◆ **Provided records**:
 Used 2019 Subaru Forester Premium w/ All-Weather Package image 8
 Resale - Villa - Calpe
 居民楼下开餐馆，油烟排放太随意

--

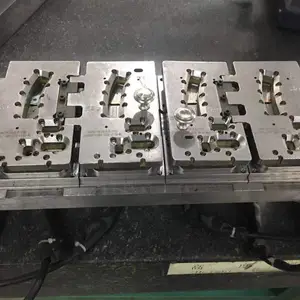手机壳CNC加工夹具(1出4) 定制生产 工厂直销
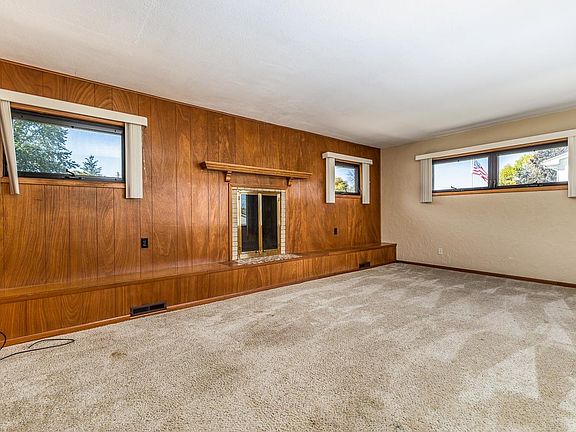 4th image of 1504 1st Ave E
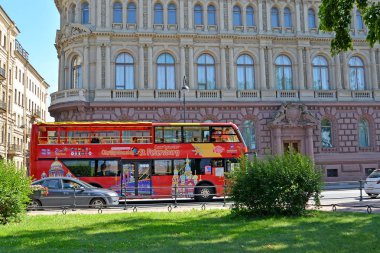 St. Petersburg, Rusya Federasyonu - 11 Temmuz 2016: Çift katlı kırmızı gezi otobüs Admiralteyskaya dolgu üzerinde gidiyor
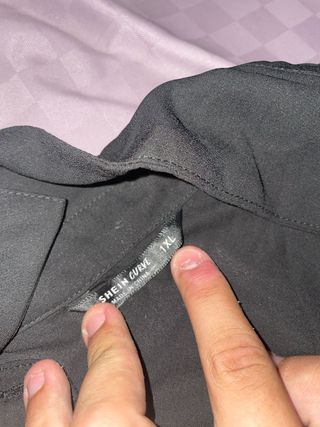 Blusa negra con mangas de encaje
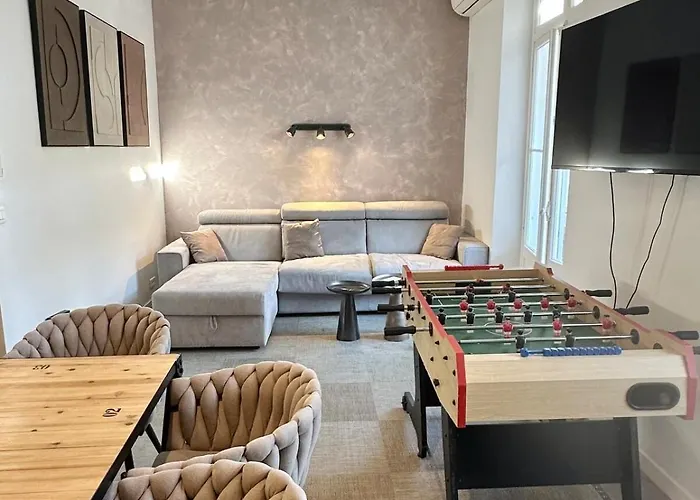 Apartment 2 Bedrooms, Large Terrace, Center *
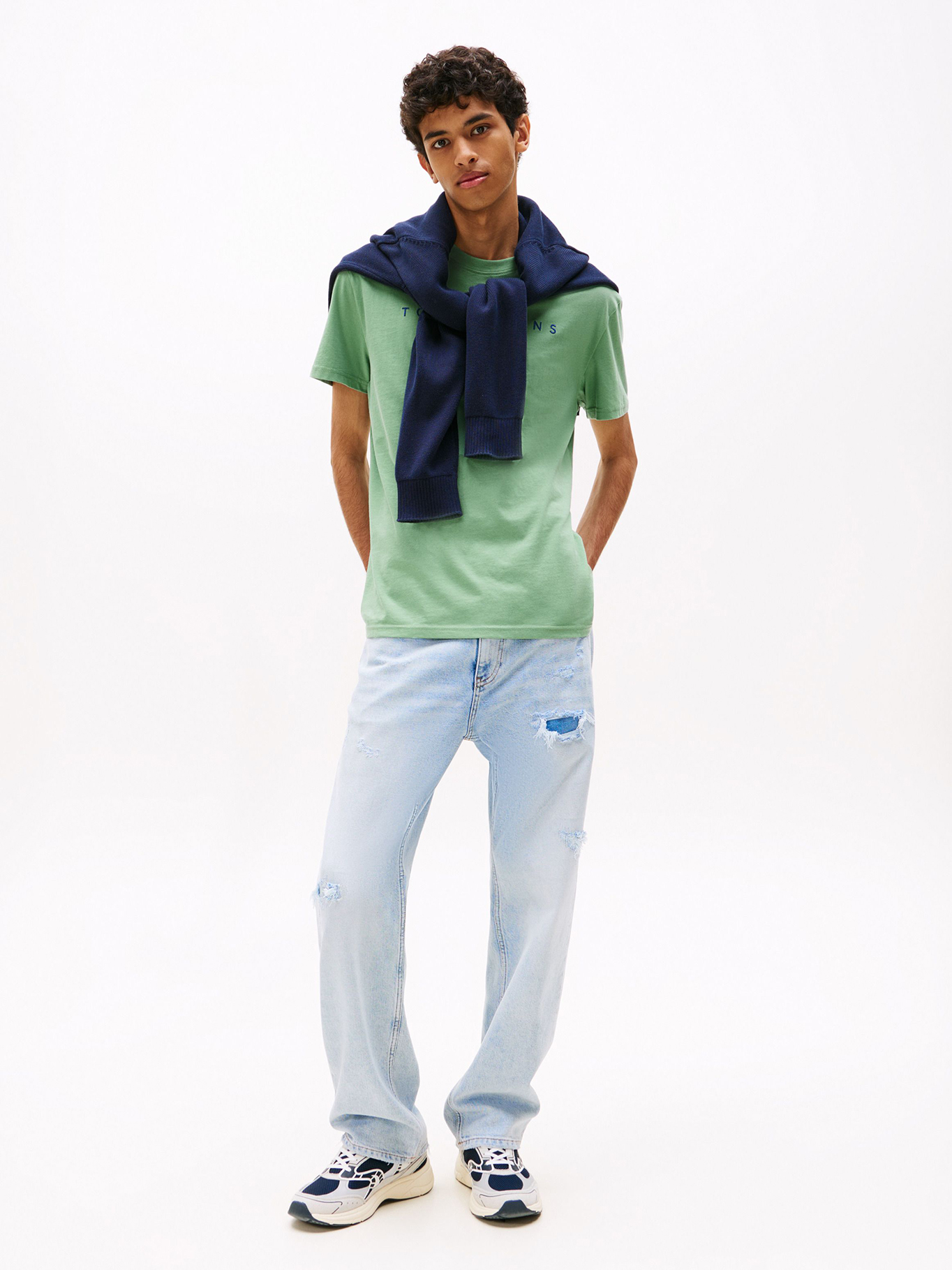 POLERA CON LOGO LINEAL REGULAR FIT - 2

◆ **Exercise goal**: In the entries above, find the line that contains "Apartment 2 Bedrooms, Large" and the line that contains "POLERA CON LOGO LINEAL REGULAR FIT - 2". Reproduce exactly those two lines and every line between them, but not the pictures.

◆ **Solution for this task**:
 Apartment 2 Bedrooms, Large Terrace, Center *
 POLERA CON LOGO LINEAL REGULAR FIT - 2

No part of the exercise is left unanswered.